DATA UNDER STUDY
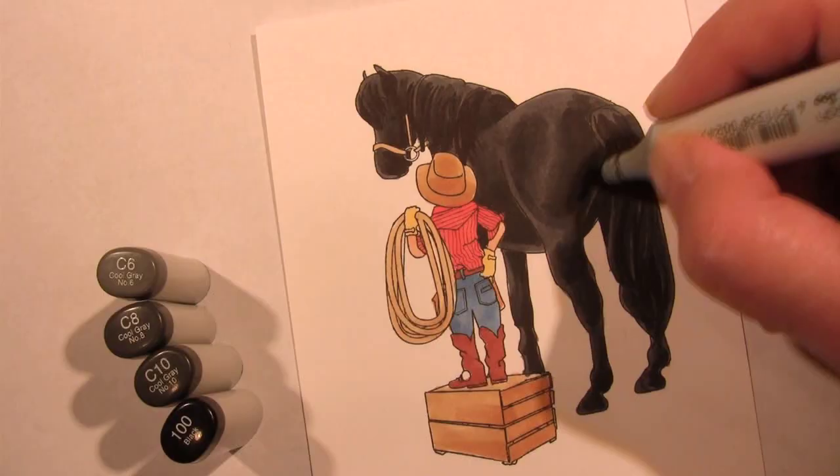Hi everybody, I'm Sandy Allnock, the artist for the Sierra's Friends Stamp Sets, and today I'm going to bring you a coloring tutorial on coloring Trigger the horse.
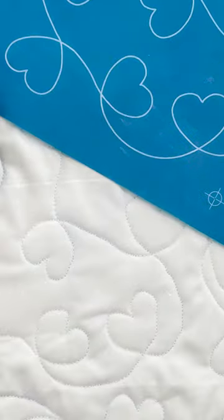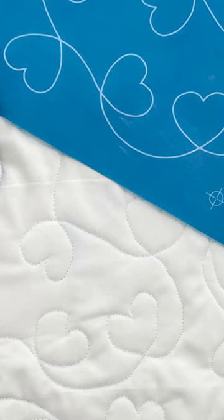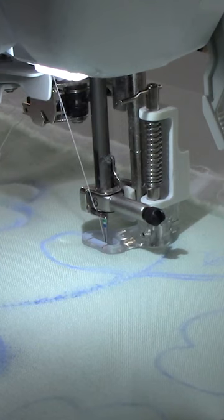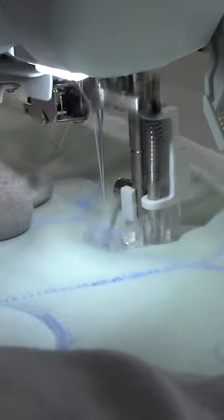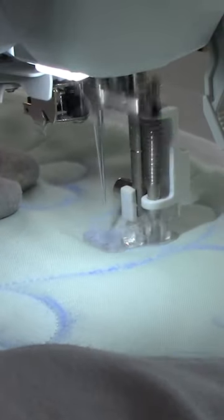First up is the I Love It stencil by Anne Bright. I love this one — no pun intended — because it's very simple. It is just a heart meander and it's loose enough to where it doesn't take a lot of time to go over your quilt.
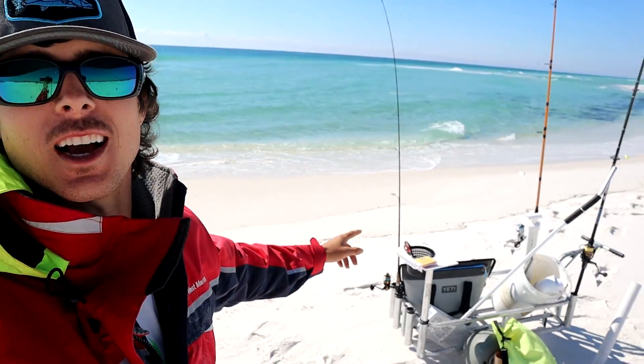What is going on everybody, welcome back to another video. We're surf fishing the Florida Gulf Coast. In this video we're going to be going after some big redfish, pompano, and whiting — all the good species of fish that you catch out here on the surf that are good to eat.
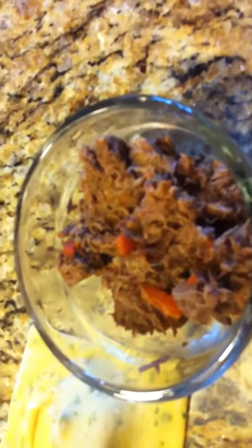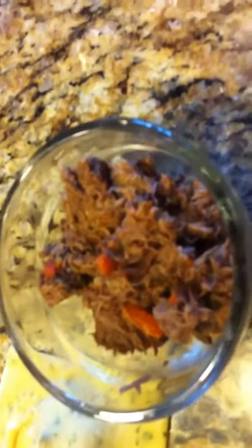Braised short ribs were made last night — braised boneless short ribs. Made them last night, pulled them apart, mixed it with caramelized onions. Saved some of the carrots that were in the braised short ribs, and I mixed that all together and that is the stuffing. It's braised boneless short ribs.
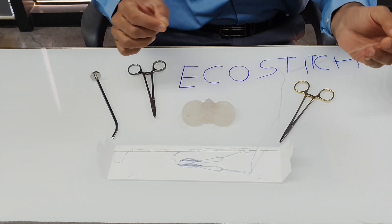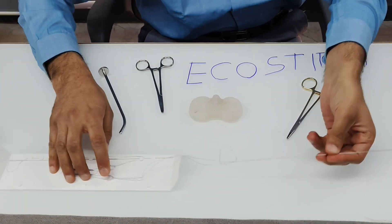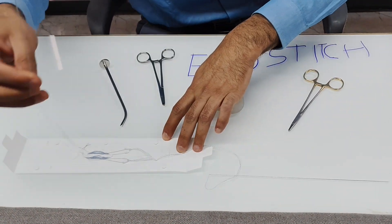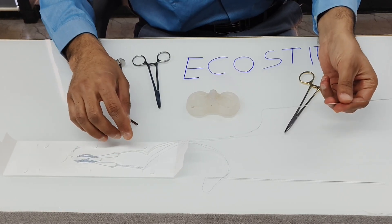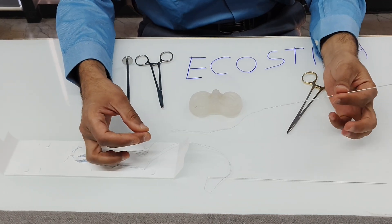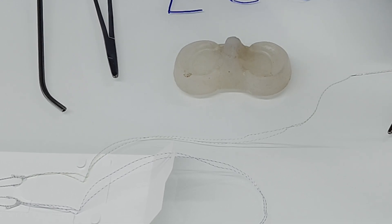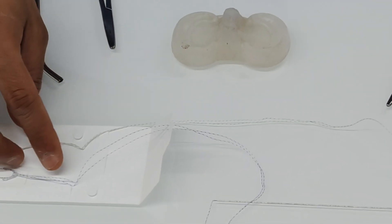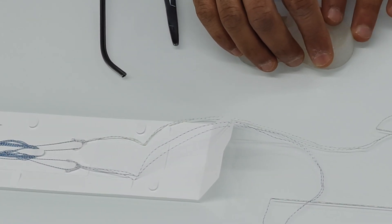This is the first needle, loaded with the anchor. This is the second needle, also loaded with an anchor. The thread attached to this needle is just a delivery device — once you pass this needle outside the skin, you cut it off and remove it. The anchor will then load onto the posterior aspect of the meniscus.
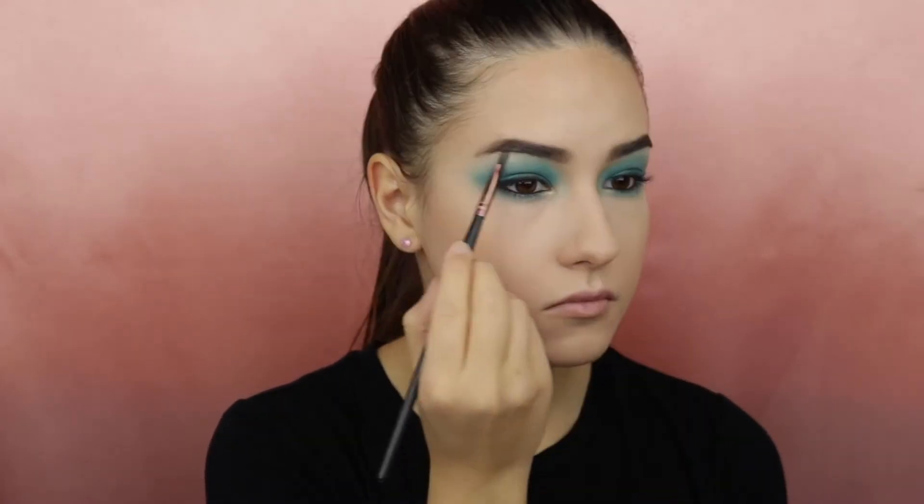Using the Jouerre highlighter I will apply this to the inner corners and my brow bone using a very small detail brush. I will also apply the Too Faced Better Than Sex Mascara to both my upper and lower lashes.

---

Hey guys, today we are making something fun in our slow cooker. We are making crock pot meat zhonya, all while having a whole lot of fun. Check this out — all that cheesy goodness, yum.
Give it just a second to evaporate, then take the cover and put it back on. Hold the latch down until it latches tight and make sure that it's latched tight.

* * *

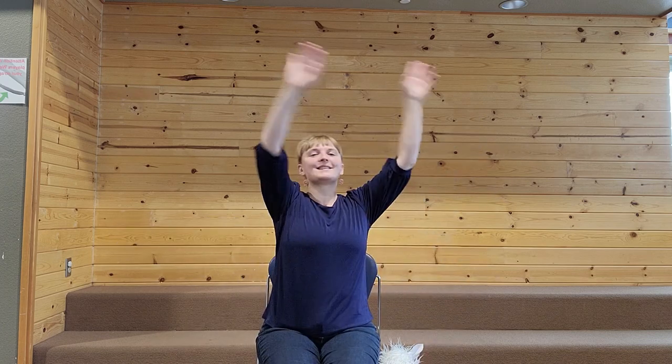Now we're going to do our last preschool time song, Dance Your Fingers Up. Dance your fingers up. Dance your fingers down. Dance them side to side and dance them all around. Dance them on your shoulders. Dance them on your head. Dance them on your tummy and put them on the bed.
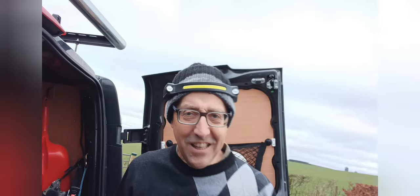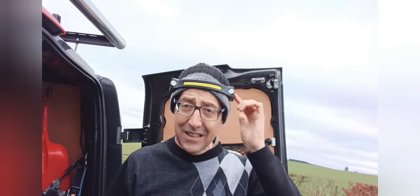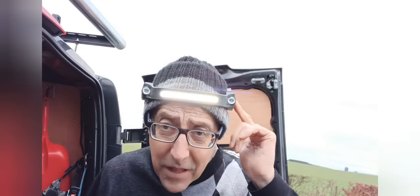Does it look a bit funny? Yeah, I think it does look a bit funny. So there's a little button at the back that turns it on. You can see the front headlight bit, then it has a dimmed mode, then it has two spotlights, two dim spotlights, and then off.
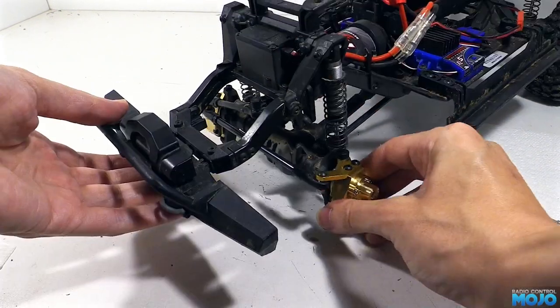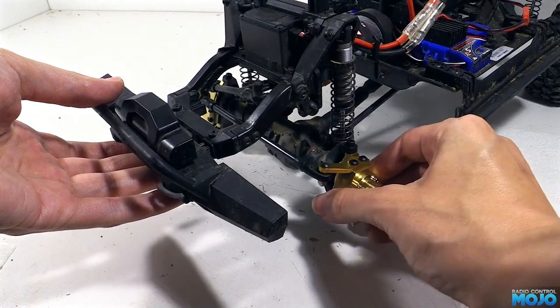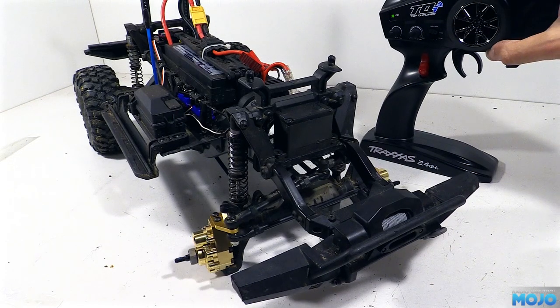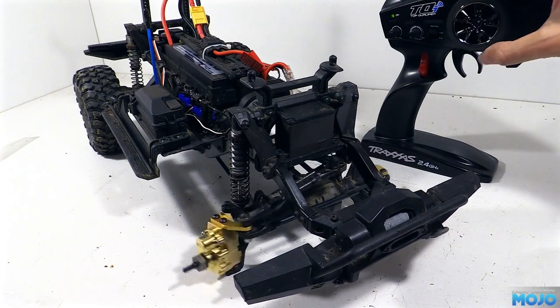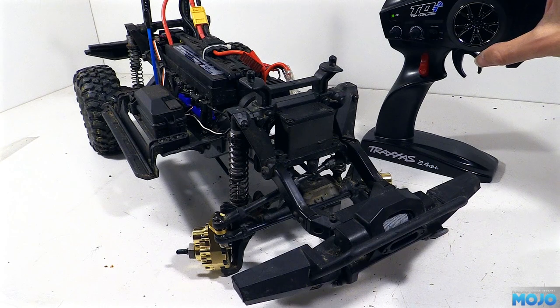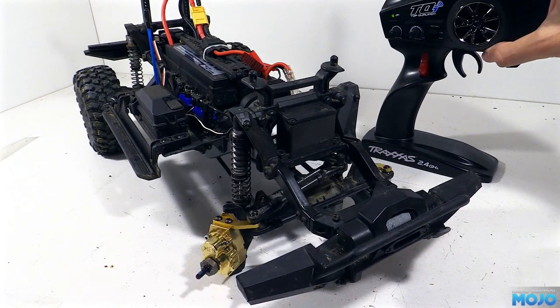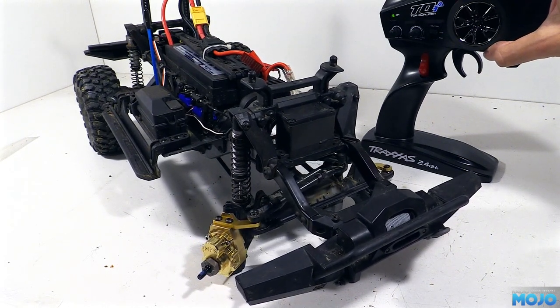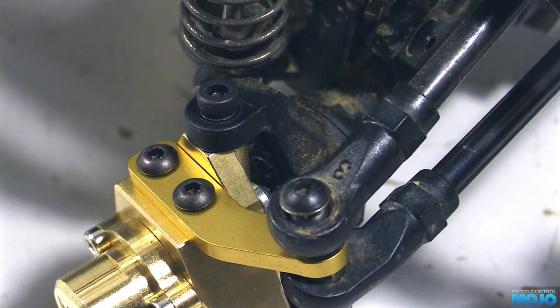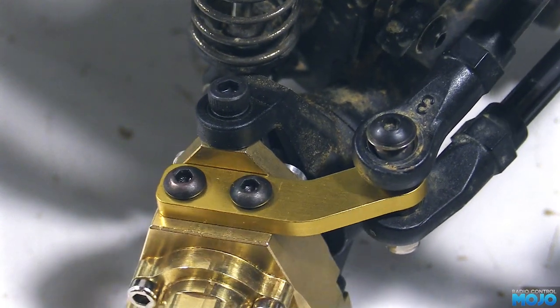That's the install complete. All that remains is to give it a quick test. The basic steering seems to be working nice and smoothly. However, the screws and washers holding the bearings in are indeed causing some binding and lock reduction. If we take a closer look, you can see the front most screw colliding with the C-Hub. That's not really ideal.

REQUIRED WORK
Above are the records. Copy only the lines from the one with "Hi everybody, I'm" through the one with "Braised short ribs were", exactly, with no pictures.

RESPONSE
Hi everybody, I'm Sandy Allnock, the artist for the Sierra's Friends Stamp Sets, and today I'm going to bring you a coloring tutorial on coloring Trigger the horse.
First up is the I Love It stencil by Anne Bright. I love this one — no pun intended — because it's very simple. It is just a heart meander and it's loose enough to where it doesn't take a lot of time to go over your quilt.
What is going on everybody, welcome back to another video. We're surf fishing the Florida Gulf Coast. In this video we're going to be going after some big redfish, pompano, and whiting — all the good species of fish that you catch out here on the surf that are good to eat.
Braised short ribs were made last night — braised boneless short ribs. Made them last night, pulled them apart, mixed it with caramelized onions. Saved some of the carrots that were in the braised short ribs, and I mixed that all together and that is the stuffing. It's braised boneless short ribs.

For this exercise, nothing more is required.